Where does the first minimum appear in a double slit experiment with neutrons?

[erok81]

Homework Statement

In a double slit experiment, a beam of neutrons with speed 0.6m/s is diffracted by two apertures which are 0.05μm apart.

a. What is the neutron wavelength?
b. Where does the first minimum appear?

Homework Equations

\lambda = \frac{h}{p}

dsin\theta =(m+\frac{1}{2})\lambda

The Attempt at a Solution

First off for the wavelength.

\lambda = \frac{h}{p}

I had to calculate p first. Which is just mv -> (1.657x10^-27)(0.6) = 9.942x^-28

Plugging that into the de Broglie wavelength forumla...

\lambda = \frac{h}{p} = \frac{6.63\times10^{-34}}{1.005\times10^{-27}} = 6.6\times10^{-7}

That answers part a.

Now part b I am stuck on. First I don't know how far away the detector is, so I can't really give a definite location. So I was just going to go with the angle.

Using dsin\theta =(m+\frac{1}{2})\lambda with m= 0

I get...

sin^{-1}\left[\frac{1}{2}\times\frac{6.6\times10^{-7}}{0.05\times10^{-6}}\right] = sin^{-1}(sin{\theta})

Before taking the arcsin I have a value of 6.597. Which obvisouly gives me a weird answer for theta. Weird answer being 1.571° and -2.574°.

Any ideas where I am going wrong?

 

[vela]

I think your wavelength is off by a factor of 1000.
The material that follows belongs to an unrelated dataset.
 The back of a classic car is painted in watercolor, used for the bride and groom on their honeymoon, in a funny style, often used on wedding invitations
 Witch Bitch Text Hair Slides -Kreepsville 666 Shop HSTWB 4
Well, maybe not. Let me recheck my calculations.

 

[erok81]

I hope it is. That would give me a better answer. I rechecked and I had p wrong in the post, which I've corrected, but in my wavelength calculation I had it right. So lamda is correct...at least for me.

 

[vela]

Your answer is correct. My mass was off by a factor of 1000. So the equation is telling you there is no minimum.

I'm wondering, though, if your velocity is correct; 0.6 m/s is pretty slow. Are you sure it's not supposed to be v/c=0.6, where c is the speed of light? Of course, if that's the case, the wavelength comes out incredibly small.

 

[erok81]

Your answer is correct. My mass was off by a factor of 1000. So the equation is telling you there is no minimum.
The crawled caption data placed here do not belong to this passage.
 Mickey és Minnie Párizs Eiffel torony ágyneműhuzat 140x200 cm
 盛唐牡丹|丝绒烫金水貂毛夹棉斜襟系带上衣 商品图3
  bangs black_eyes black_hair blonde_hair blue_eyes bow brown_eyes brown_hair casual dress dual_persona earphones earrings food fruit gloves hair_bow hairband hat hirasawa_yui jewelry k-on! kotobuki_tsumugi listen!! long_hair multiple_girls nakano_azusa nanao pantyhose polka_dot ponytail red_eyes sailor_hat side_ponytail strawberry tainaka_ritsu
I'm wondering, though, if your velocity is correct; 0.6 m/s is pretty slow. Are you sure it's not supposed to be v/c=0.6, where c is the speed of light? Of course, if that's the case, the wavelength comes out incredibly small.

That's what I thought as well so I emailed the TA. He said it was right.

But like you said, maybe there is no minimum. Since without knowing the distance to the detector I can't really give an answer, only the angle.

 

[erok81]

Although...it's a fairly popular method of using neutrons and double slit experiments. At least from google. So if there is no minimum, I wonder what kind of info can be gained from this type of experiment.

 

[vela]

Probably not much, other than to place a lower bound on the distance between the scattering centers.

 

[erok81]

Perfect. Thanks for the help. Good to know I didn't mess it up. :)